新型コロナウイルス禍に直撃された事業者を支援する実質無利子・無担保の「コロナ融資」の返済が本格化している。「ゼロ・ゼロ融資」とも呼ばれるが、元金は返済しなければならず、長引くコロナ禍で業績回復が遅れる業界にとって大きな重荷だ。返済のめどが立たず倒産した飲食店主は、見通しの甘さを認めつつ「コロナがここまで長期化するとは」と肩を落とす。物価上昇の影響も重なり、今後の動向にも不透明感が広がる。

ジョッキなどを買い取る業者を見つめる藤井実さん(奥)=9日、奈良市
ジョッキなどを買い取る業者を見つめる藤井実さん(奥)=9日、奈良市

安易な気持ちで

5月上旬、奈良市の近鉄新大宮駅近くの繁華街にある「美食鍋ダイニング橘」。かつてサラリーマンでにぎわった8人掛けのテーブルには、箱に入ったままの未使用のジョッキやおちょこが200個近く積み上げられていた。壁にはかつて店を訪れたプロ野球選手のサインが飾られたままだ。

「脱サラして13年余り。楽しいことも多かったが、こんな形で終わるなんて」。経営者だった藤井実さん(62)は備品を整理しながら、寂しげな表情を浮かべた。

藤井さんが数百万円のコロナ融資を受けたのは、初めての緊急事態宣言発令などで客足が途絶えた令和2年の春のこと。返済が始まるのは2年後だが、「次の春にはコロナが収束しているだろう」と考えた。実質無利子・無担保も魅力的に見えた。「手元に現金があるのは心強い。金利ゼロで借りられるなら」と安易な気持ちもあったという。

「希望持てない」

現実は誤算の連続だった。切り札と期待したワクチンでも感染を収束できず、飲み薬はいつまでたっても出回らない。

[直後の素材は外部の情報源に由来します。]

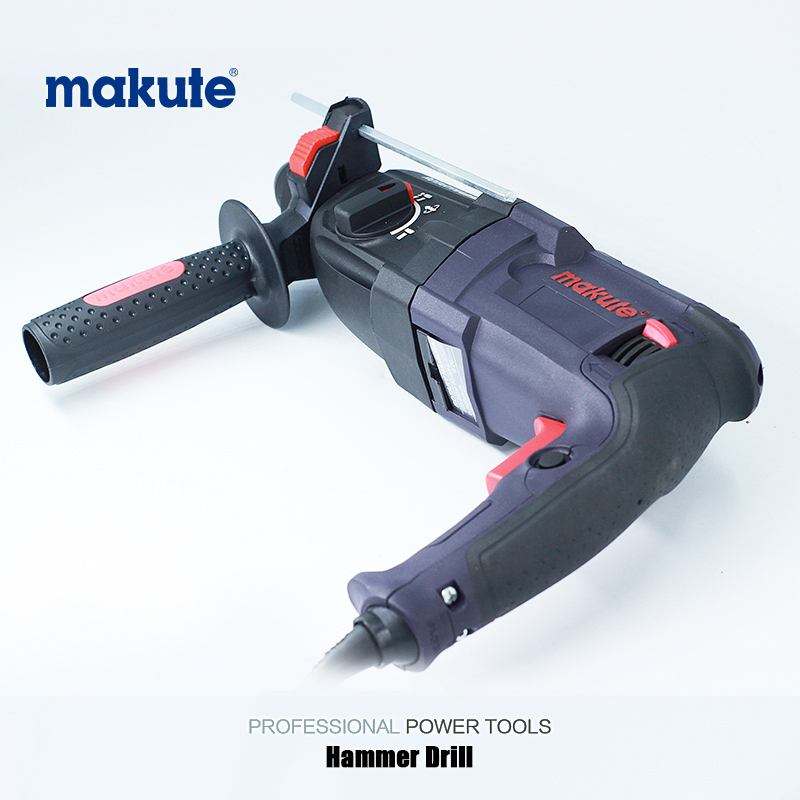 Makute Electric Mini Breaker 26mm Hammer Drill 800W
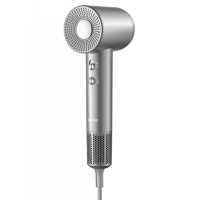 苏泊尔电吹风负离子不伤发速干柔顺大功率不伤发电吹风HDH-H2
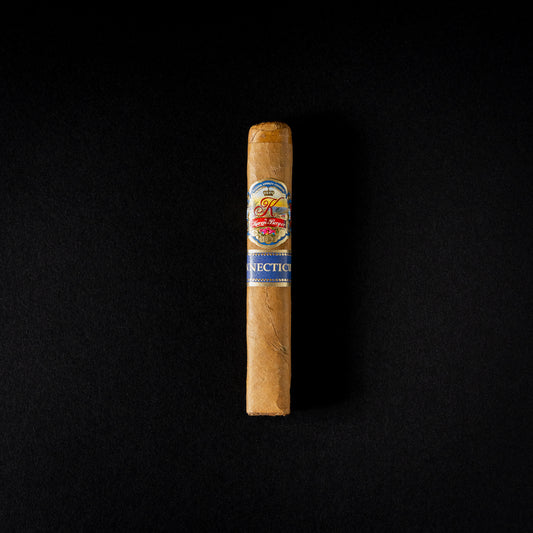 K BY KAREN CONNECTICUT ROBUSTO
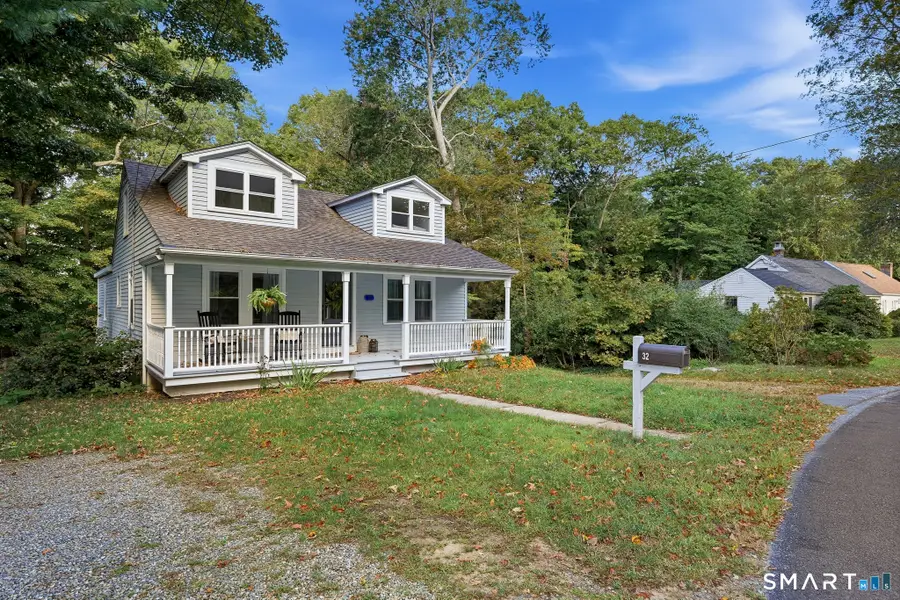 32 Sunset Terrace, Essex, CT 06426 - #2
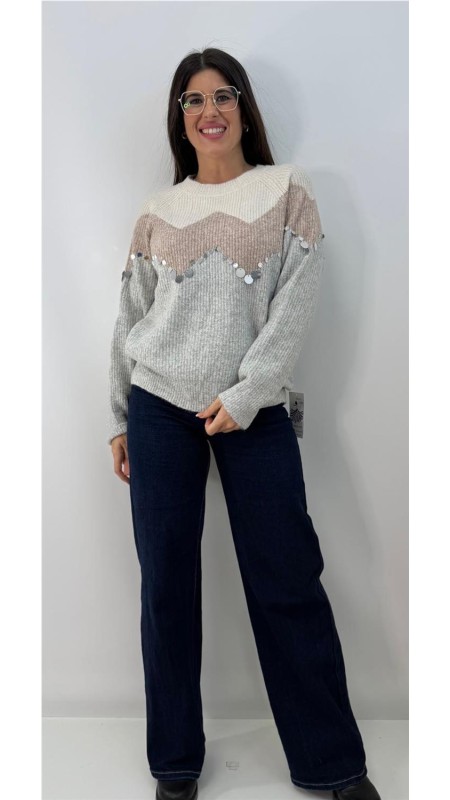 JERSEY FATIMA GRIS 2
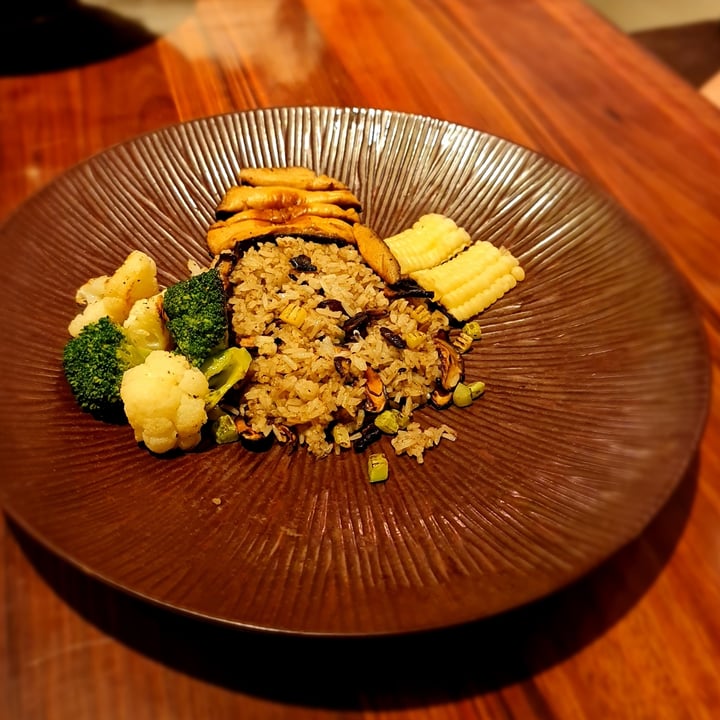 review photo of Lavender Confcty & Bakery Sdn. Bhd. ( 7 ) L. Table Fried Rice shared by @parismelody on 04 Aug 2022 - review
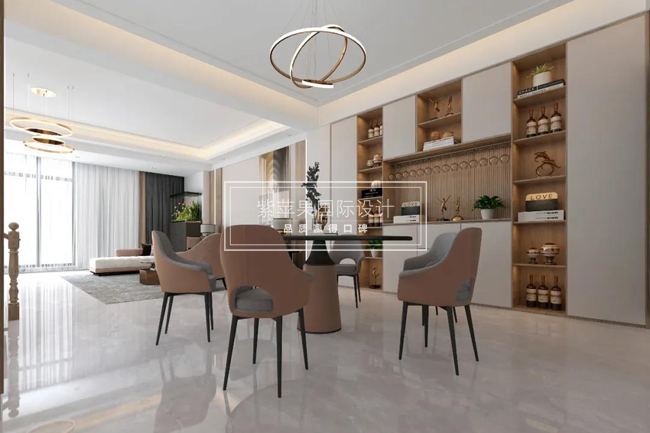 現(xiàn)代簡(jiǎn)約裝修案例 現(xiàn)代簡(jiǎn)約裝修案例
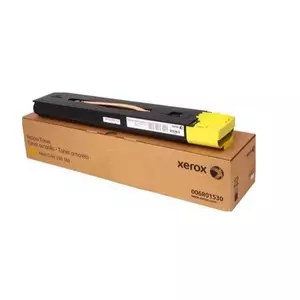 Картридж для тонера Xerox 006R01530 10000 страниц Желтый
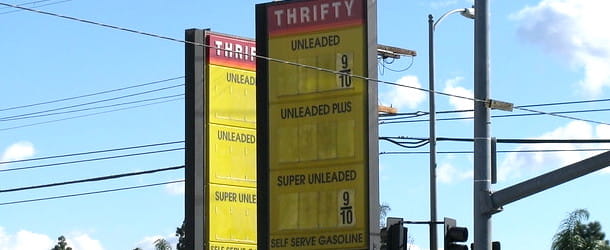 Mortgage Rates and Gas Prices Are Back in the 6s! Mortgage Rates and Gas Prices Are Back in the 6s!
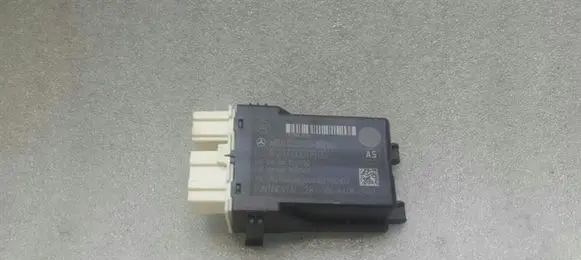 Mercedes-Benz C W205 Other control units/modules A2179000900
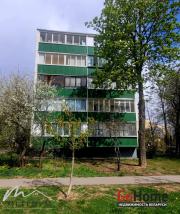 Купить 4-комнатную квартиру, Минск, Ауэзова ул., 4/1(Заводской район) Минск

店の主力メニューはもつ鍋をはじめ10種類近い鍋料理。コロナ以前、特に書き入れ時の冬場は予約なしに入れないほど繁盛したが、客足はいつまでたっても戻らなかった。影響が長期化するにつれ、手元に置いておくつもりだった融資の数百万円はどんどん減っていった。

3年目に突入したコロナ禍。奈良県は蔓延(まんえん)防止等重点措置の適用を見送り、協力金ももらえない。

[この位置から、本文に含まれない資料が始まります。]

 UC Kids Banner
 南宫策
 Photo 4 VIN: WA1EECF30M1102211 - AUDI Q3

そんな中、コロナ融資の返済開始は着実に迫っていた。金融機関からは先送りも提案されたが、藤井さんは限界だった。「コロナがここまで長期化するなんて思ってもみなかった。希望が持てなくなった」。ひっそりと閉店を決めた。

「これは入り口」

コロナ禍で売り上げが減少した中小企業や個人事業主を支える目的で、政府系金融機関などが実質無利子・無担保で運転資金を貸し出すコロナ融資は令和2年3月に始まった。逆風下の事業者の「命綱」となってきたのも事実で、内閣府のまとめによると、その規模は昨年末時点で約232万件、総額は約41兆円。返済開始までの期間は個別に異なるが、融資から1~2年後とするケースが多い。

ただ、藤井さんの店のように業績の回復が遅れ、返済負担が重くのしかかる事業者は珍しくない。

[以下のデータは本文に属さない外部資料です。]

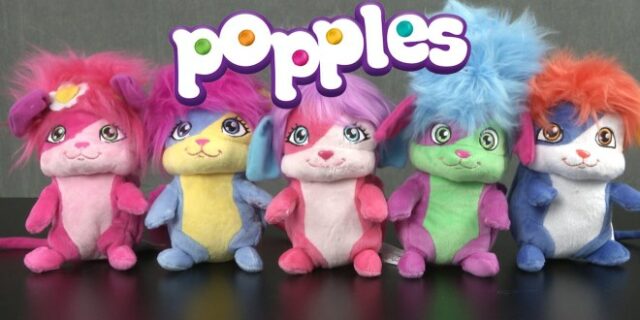 popples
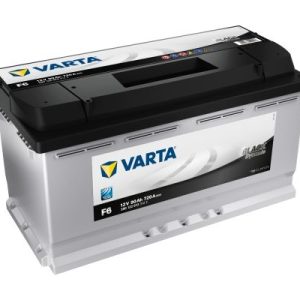 VARTA 5901220723122 Startera akumulators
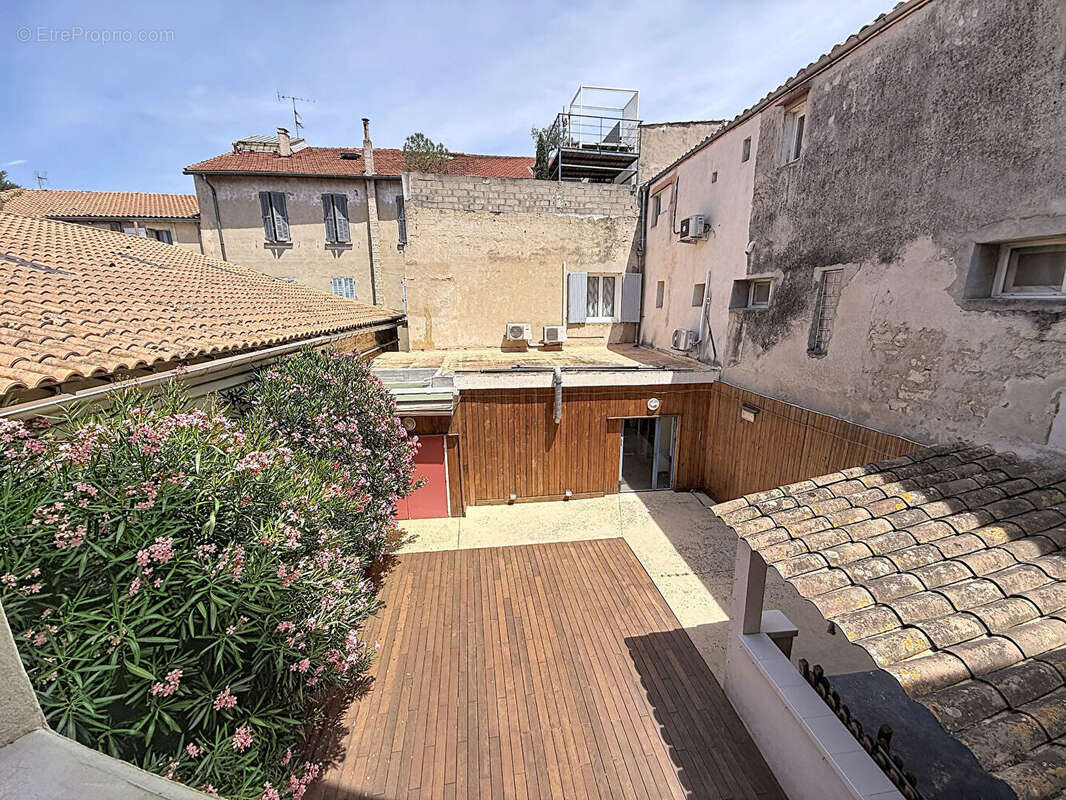 Appartement à AVIGNON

民間信用調査会社の帝国データバンクによると、コロナ融資を受けた企業の倒産は2年7月~今年4月に全国で計282件(今月30日現在)。当初は毎月数件だったものの、今年3月以降は30件を超えるペースに加速している。

中小企業庁の担当者は「返済が倒産を加速させているとは感じていない」とするが、帝国データバンクの担当者は「これは入り口に過ぎない。今後も影響は広がっていくだろう」との見解を示す。

ロシアによるウクライナ侵攻や、円安に伴う原材料費の高騰の影響を懸念する声も上がる。中小企業の経営に詳しい立命館大の西岡正教授(経営学)は「コロナの影響が残る一方でインフレが加速し、中小企業はかつてないほど厳しい局面に立たされている」と指摘。今後インフレの影響がさらに強まると予測した上で、企業の経営体質改善のサポートなど「質的」な支援に重点を移す必要性を訴えている。(花輪理徳)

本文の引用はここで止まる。